From the line that contains "Muzeum sztuki współczesnej" through the line that contains "Winkel 985x1200 4", output every line of the listing below exactly and leave out all the rest.
Top of DATA FOR THIS EXERCISE
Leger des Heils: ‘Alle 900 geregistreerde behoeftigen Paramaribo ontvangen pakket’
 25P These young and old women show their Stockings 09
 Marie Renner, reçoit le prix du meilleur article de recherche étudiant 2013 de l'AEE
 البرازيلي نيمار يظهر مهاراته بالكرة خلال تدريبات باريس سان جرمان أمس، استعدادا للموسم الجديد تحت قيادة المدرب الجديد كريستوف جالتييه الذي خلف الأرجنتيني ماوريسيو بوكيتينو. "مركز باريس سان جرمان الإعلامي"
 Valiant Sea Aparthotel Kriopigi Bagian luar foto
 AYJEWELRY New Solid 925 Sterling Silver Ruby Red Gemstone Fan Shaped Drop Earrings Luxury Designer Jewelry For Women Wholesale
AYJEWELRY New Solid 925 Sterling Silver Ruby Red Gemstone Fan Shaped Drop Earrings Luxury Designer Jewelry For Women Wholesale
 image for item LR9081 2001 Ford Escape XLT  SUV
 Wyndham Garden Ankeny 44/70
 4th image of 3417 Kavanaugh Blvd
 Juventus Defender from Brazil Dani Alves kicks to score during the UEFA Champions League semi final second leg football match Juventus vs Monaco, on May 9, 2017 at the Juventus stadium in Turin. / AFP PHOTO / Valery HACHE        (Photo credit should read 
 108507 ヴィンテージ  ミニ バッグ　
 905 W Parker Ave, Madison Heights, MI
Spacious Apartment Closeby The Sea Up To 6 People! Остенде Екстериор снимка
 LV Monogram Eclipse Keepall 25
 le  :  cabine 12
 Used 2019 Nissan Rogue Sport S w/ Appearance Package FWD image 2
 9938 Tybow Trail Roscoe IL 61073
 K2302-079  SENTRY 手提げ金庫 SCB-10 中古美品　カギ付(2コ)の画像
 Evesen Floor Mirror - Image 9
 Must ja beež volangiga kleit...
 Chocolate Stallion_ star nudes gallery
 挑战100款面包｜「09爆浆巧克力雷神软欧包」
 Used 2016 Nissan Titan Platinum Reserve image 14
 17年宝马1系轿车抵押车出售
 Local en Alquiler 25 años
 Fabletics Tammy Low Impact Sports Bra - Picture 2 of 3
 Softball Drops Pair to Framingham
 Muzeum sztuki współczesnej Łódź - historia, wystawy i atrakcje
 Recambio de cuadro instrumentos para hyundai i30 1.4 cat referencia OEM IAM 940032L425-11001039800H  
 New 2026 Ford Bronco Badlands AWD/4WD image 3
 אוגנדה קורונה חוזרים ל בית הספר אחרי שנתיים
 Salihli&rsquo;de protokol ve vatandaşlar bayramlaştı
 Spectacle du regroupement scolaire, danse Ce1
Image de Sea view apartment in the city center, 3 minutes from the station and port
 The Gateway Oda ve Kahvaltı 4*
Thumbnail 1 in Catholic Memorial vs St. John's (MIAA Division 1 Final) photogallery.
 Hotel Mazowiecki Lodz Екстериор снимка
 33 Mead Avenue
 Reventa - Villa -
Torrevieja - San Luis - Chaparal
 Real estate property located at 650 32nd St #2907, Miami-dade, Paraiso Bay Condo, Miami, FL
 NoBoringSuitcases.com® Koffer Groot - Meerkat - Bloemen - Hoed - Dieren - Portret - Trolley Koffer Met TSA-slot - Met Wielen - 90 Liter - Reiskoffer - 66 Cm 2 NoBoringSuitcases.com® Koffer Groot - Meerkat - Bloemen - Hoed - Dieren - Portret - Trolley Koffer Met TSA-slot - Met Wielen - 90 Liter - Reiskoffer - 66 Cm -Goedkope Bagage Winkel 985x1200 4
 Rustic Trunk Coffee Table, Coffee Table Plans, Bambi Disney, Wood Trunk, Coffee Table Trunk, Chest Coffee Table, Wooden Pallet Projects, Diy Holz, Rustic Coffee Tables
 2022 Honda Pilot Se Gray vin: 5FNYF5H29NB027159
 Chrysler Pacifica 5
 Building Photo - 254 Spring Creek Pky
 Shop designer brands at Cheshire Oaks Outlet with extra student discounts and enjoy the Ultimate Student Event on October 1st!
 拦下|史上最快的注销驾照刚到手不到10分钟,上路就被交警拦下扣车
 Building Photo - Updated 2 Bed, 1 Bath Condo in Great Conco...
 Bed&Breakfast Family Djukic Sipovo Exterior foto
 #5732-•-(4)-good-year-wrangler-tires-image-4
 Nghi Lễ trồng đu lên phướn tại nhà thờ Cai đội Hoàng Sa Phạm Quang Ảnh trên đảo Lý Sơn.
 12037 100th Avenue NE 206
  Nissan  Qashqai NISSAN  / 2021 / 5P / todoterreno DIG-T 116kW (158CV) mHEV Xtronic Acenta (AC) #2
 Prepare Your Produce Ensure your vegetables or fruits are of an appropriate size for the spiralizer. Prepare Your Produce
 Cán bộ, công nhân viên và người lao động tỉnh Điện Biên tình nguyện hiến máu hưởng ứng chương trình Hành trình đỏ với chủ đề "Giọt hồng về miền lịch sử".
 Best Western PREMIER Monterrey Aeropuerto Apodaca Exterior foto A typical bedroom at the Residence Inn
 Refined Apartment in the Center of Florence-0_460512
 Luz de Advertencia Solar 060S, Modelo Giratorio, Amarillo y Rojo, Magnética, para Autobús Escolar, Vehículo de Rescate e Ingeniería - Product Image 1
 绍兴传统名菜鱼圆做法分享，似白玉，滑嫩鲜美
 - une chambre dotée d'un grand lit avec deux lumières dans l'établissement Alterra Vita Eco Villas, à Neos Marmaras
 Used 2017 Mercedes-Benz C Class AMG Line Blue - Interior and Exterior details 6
Bottom of DATA FOR THIS EXERCISE
> [WRITTEN REPLY]
 Muzeum sztuki współczesnej Łódź - historia, wystawy i atrakcje
 Recambio de cuadro instrumentos para hyundai i30 1.4 cat referencia OEM IAM 940032L425-11001039800H  
 New 2026 Ford Bronco Badlands AWD/4WD image 3
 אוגנדה קורונה חוזרים ל בית הספר אחרי שנתיים
 Salihli&rsquo;de protokol ve vatandaşlar bayramlaştı
 Spectacle du regroupement scolaire, danse Ce1
Image de Sea view apartment in the city center, 3 minutes from the station and port
 The Gateway Oda ve Kahvaltı 4*
Thumbnail 1 in Catholic Memorial vs St. John's (MIAA Division 1 Final) photogallery.
 Hotel Mazowiecki Lodz Екстериор снимка
 33 Mead Avenue
 Reventa - Villa -
Torrevieja - San Luis - Chaparal
 Real estate property located at 650 32nd St #2907, Miami-dade, Paraiso Bay Condo, Miami, FL
 NoBoringSuitcases.com® Koffer Groot - Meerkat - Bloemen - Hoed - Dieren - Portret - Trolley Koffer Met TSA-slot - Met Wielen - 90 Liter - Reiskoffer - 66 Cm 2 NoBoringSuitcases.com® Koffer Groot - Meerkat - Bloemen - Hoed - Dieren - Portret - Trolley Koffer Met TSA-slot - Met Wielen - 90 Liter - Reiskoffer - 66 Cm -Goedkope Bagage Winkel 985x1200 4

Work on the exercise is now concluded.